With pictures excluded, repeat exactly the lines from the one containing "Snoeigereedschap > Gardena" through the last line of the material below.

● ● ● ● ● ● ●

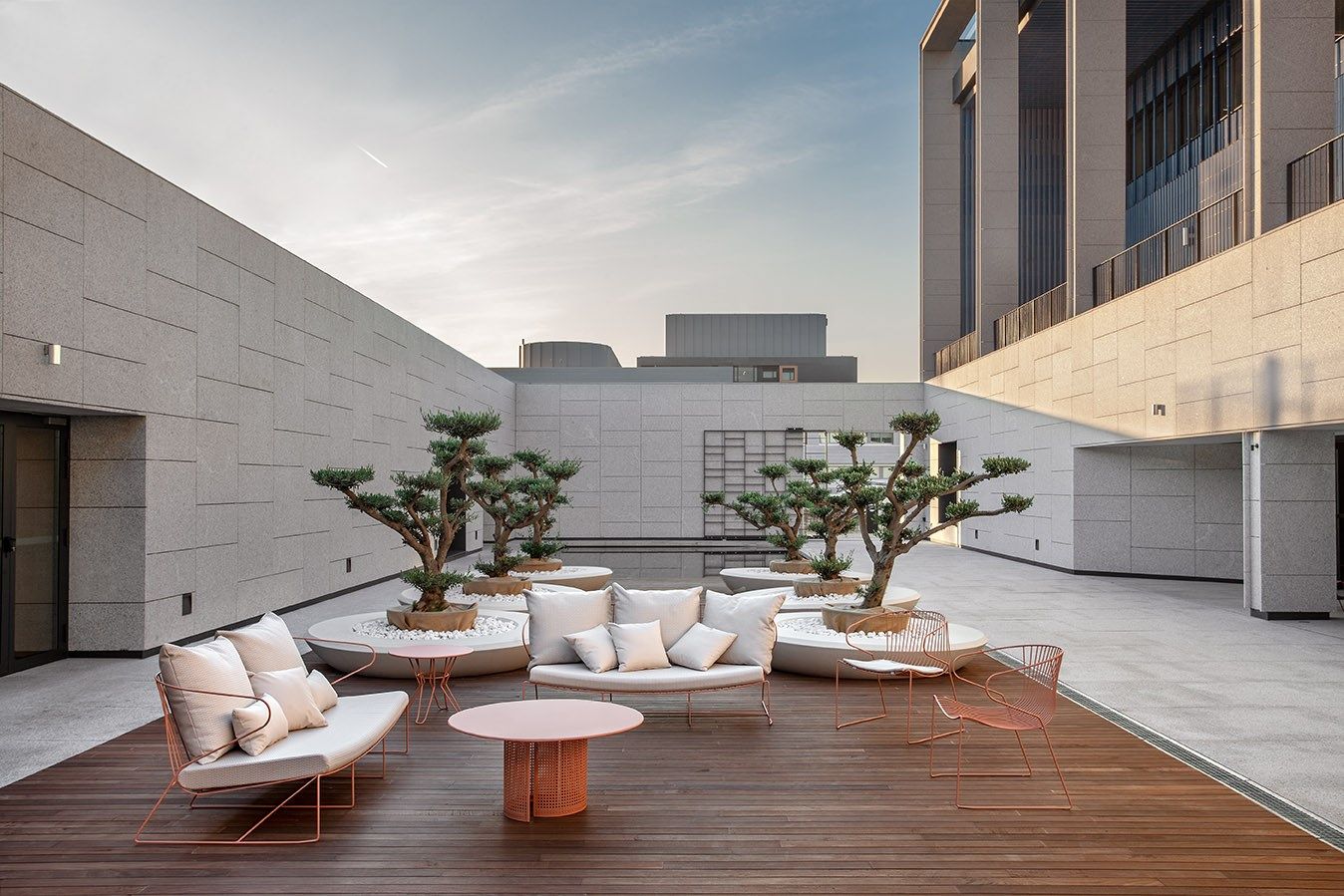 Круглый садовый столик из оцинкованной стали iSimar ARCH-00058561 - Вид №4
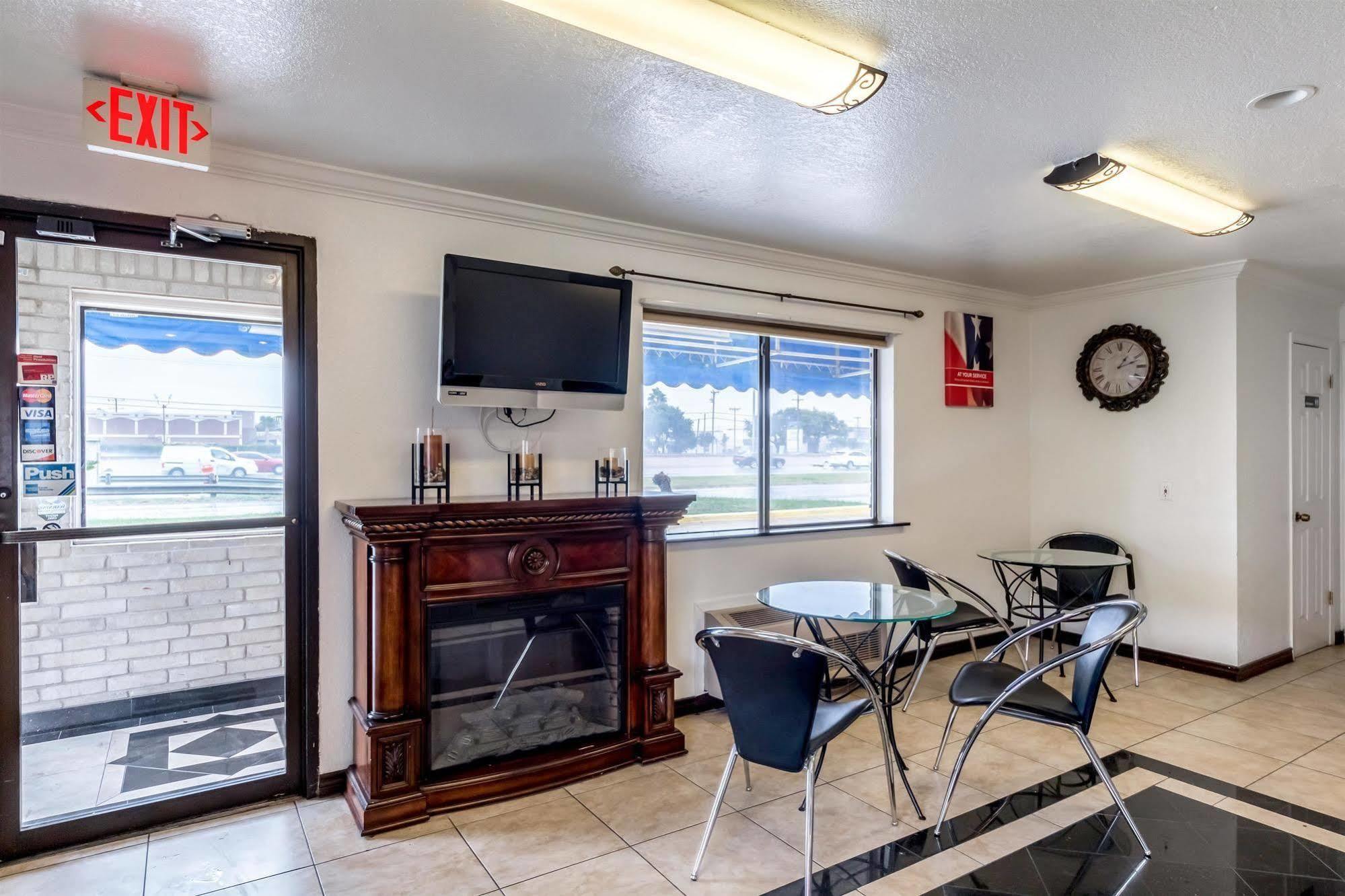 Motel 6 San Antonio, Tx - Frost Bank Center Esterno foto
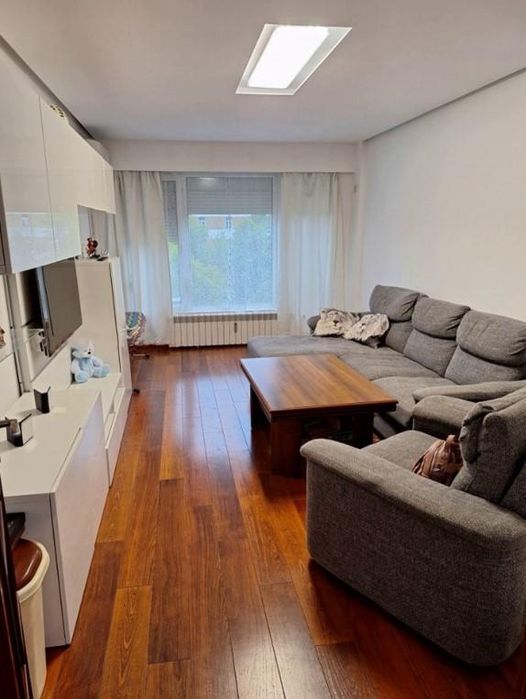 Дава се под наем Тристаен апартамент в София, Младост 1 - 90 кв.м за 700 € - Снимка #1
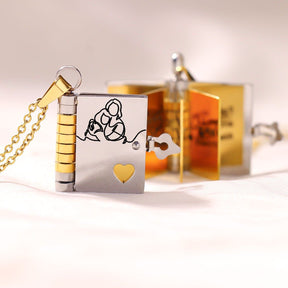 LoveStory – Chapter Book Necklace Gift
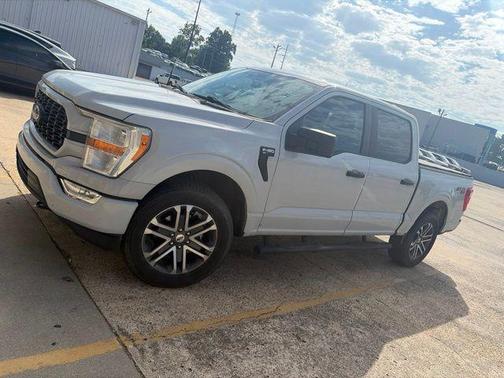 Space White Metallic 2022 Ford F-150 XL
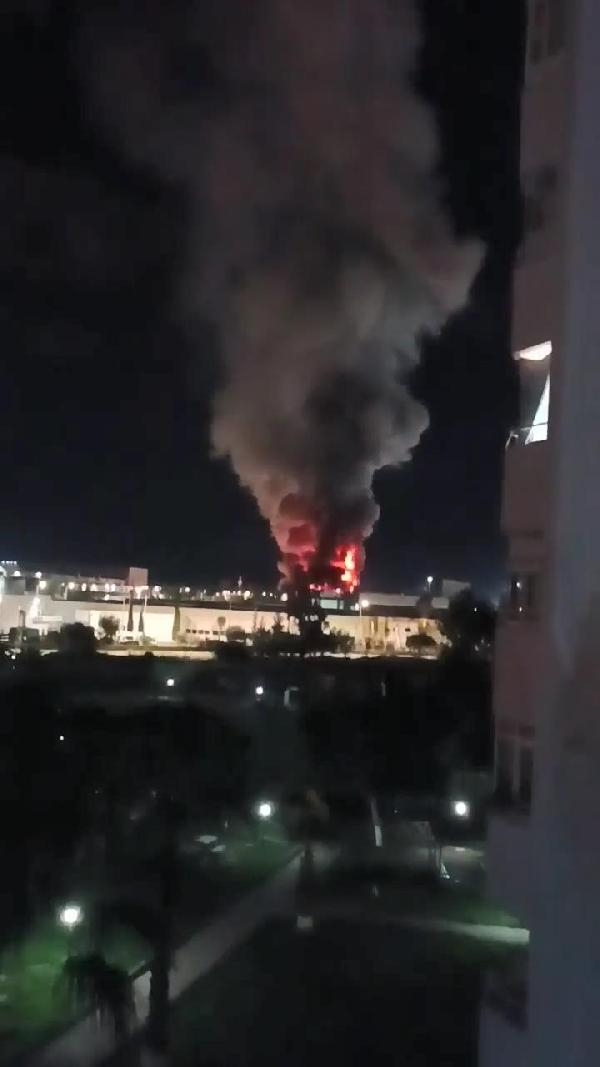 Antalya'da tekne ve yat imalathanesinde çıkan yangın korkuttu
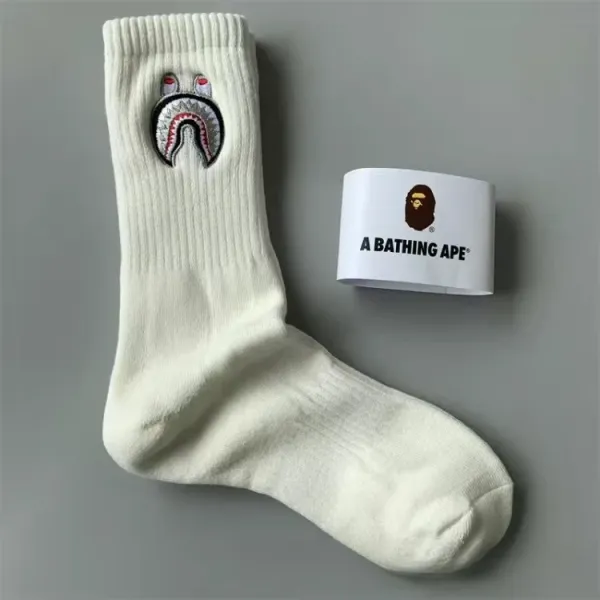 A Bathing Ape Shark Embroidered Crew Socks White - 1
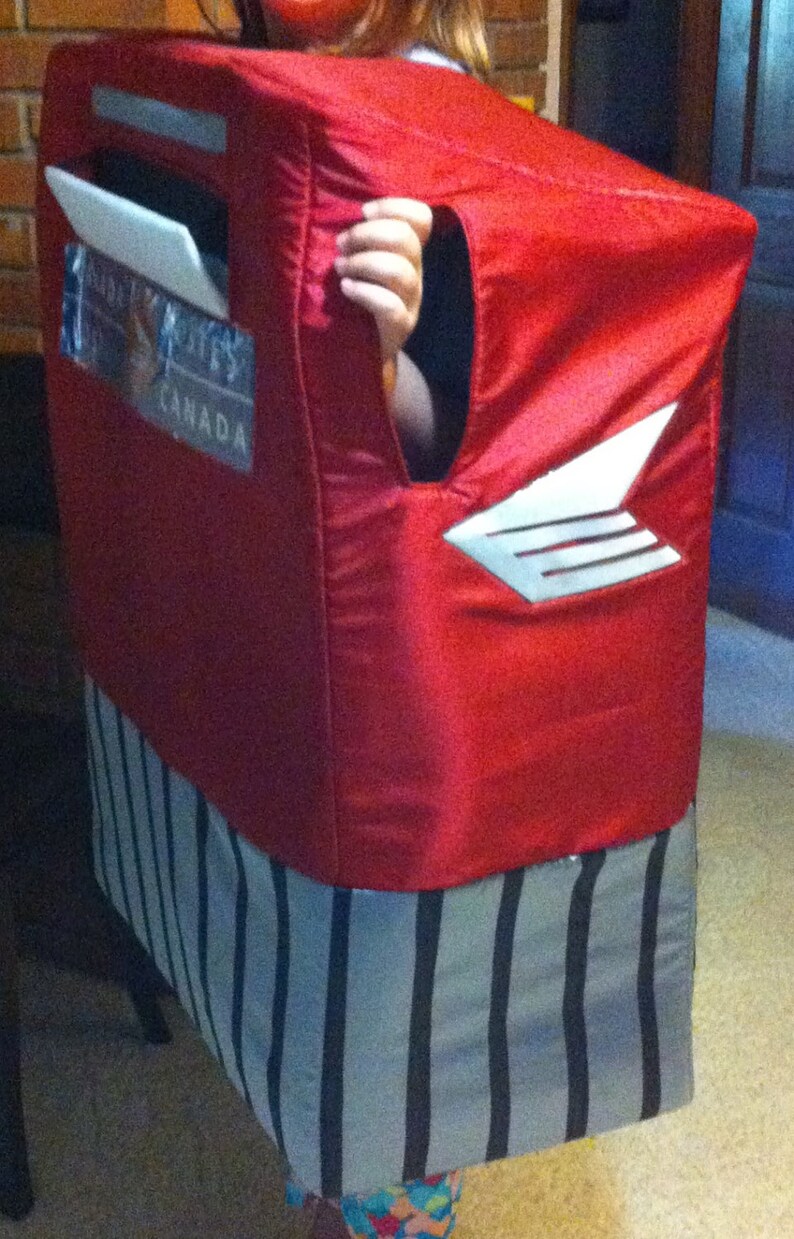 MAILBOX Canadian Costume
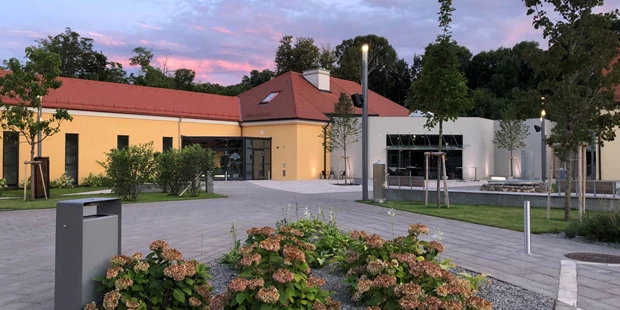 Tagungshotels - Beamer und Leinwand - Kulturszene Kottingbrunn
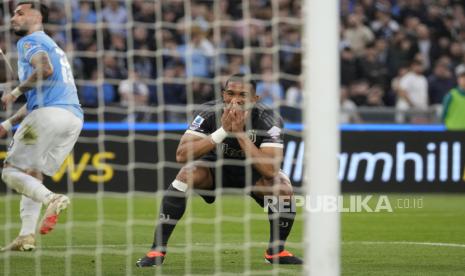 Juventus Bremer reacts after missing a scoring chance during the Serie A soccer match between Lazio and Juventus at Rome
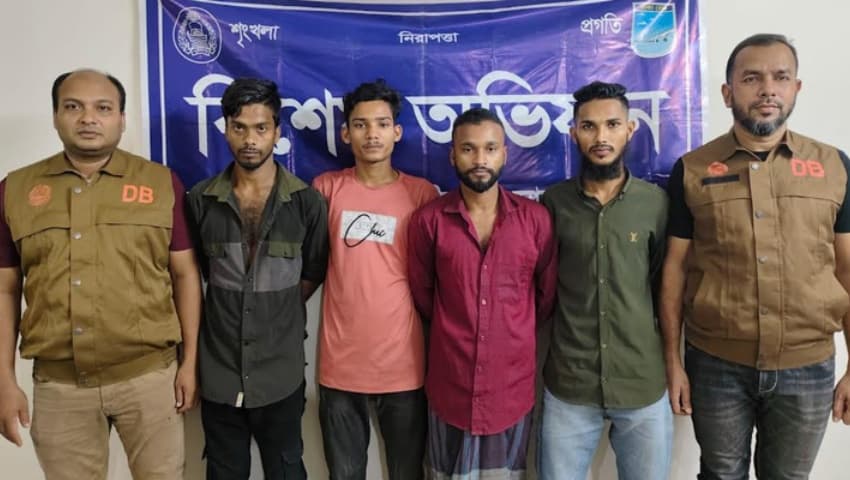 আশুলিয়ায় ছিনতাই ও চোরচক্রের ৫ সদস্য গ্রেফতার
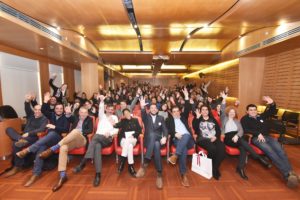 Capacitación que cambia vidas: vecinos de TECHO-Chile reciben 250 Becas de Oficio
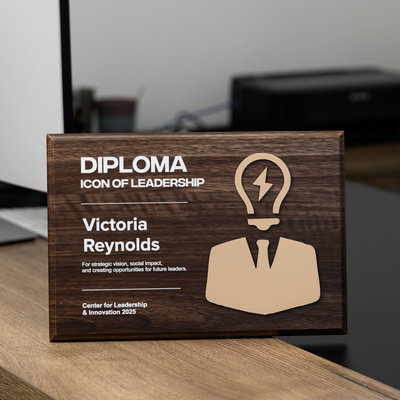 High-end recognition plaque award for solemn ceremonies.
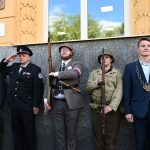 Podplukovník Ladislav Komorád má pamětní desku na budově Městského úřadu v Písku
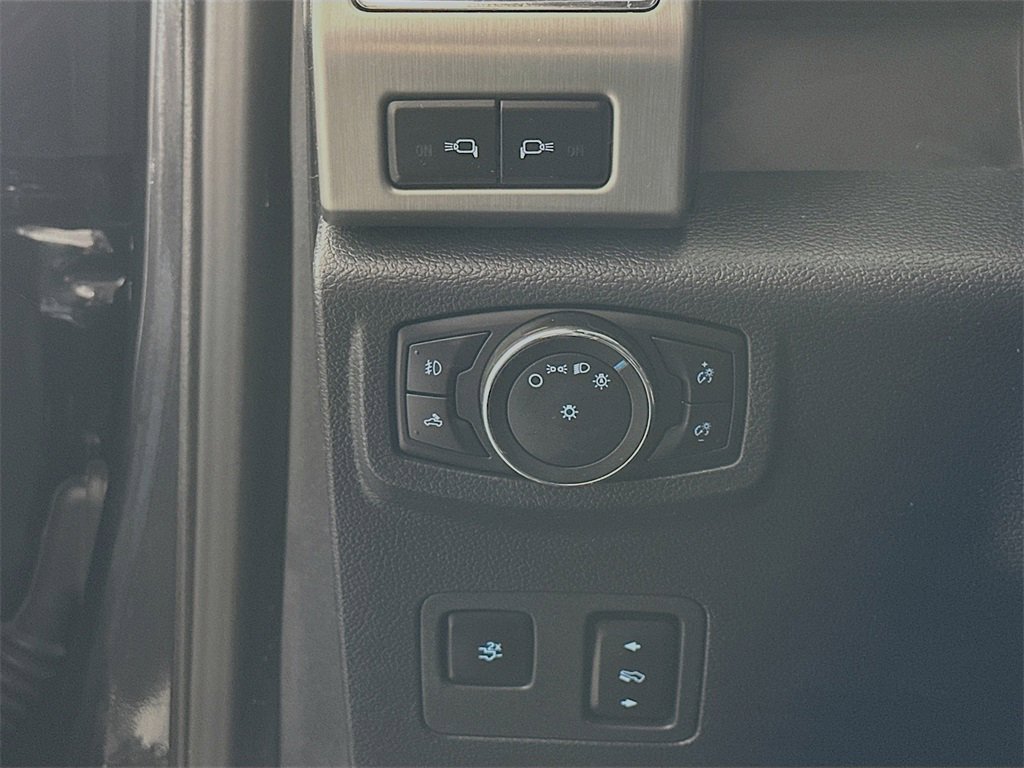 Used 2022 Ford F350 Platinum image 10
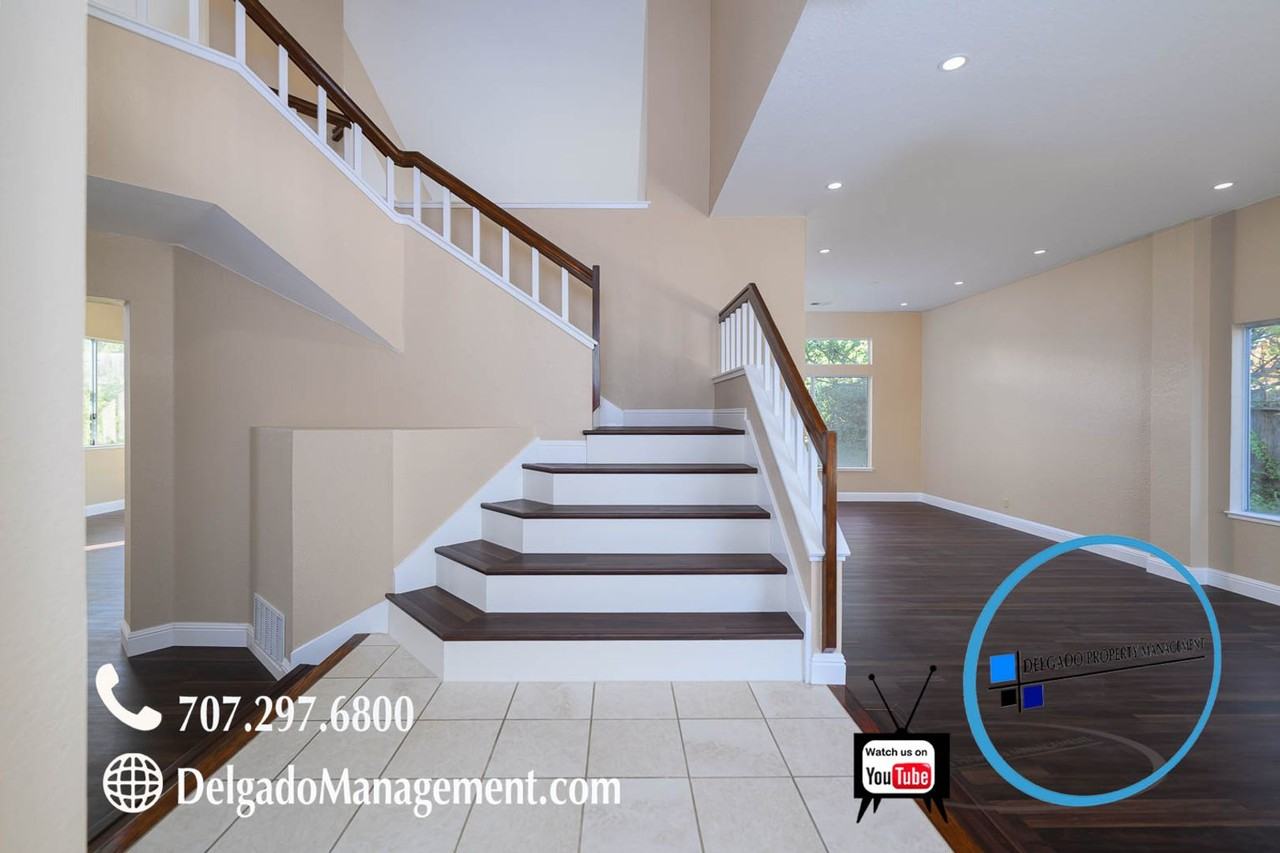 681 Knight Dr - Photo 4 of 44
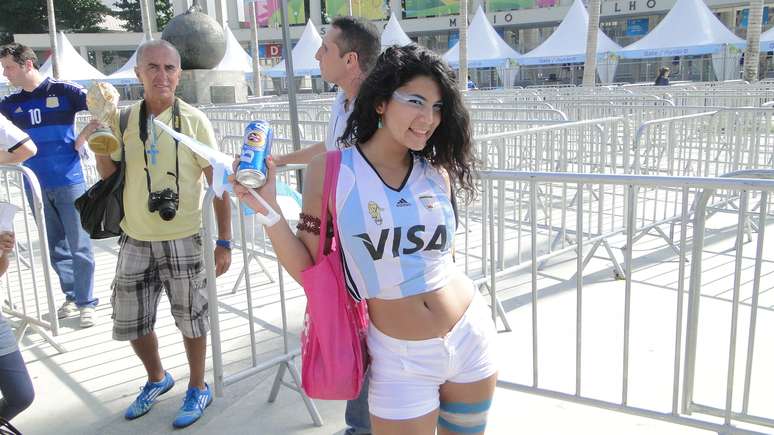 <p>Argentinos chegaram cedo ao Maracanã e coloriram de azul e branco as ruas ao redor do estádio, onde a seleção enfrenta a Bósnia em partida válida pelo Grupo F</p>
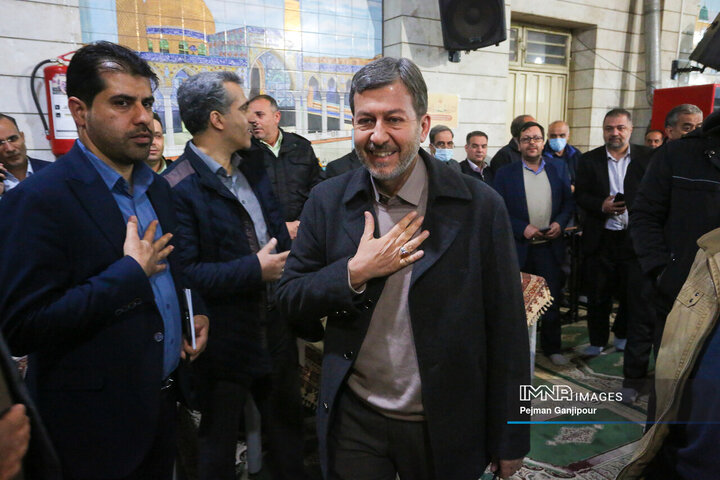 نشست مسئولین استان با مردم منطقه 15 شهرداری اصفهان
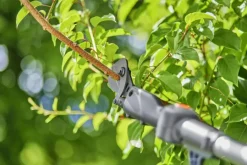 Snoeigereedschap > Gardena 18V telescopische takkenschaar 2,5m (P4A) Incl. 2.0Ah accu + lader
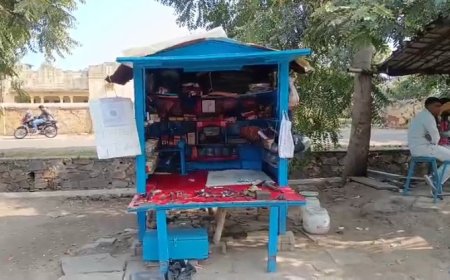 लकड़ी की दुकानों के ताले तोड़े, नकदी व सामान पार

● ● ● ● ● ● ●

Response to this exercise
 Snoeigereedschap > Gardena 18V telescopische takkenschaar 2,5m (P4A) Incl. 2.0Ah accu + lader
 लकड़ी की दुकानों के ताले तोड़े, नकदी व सामान पार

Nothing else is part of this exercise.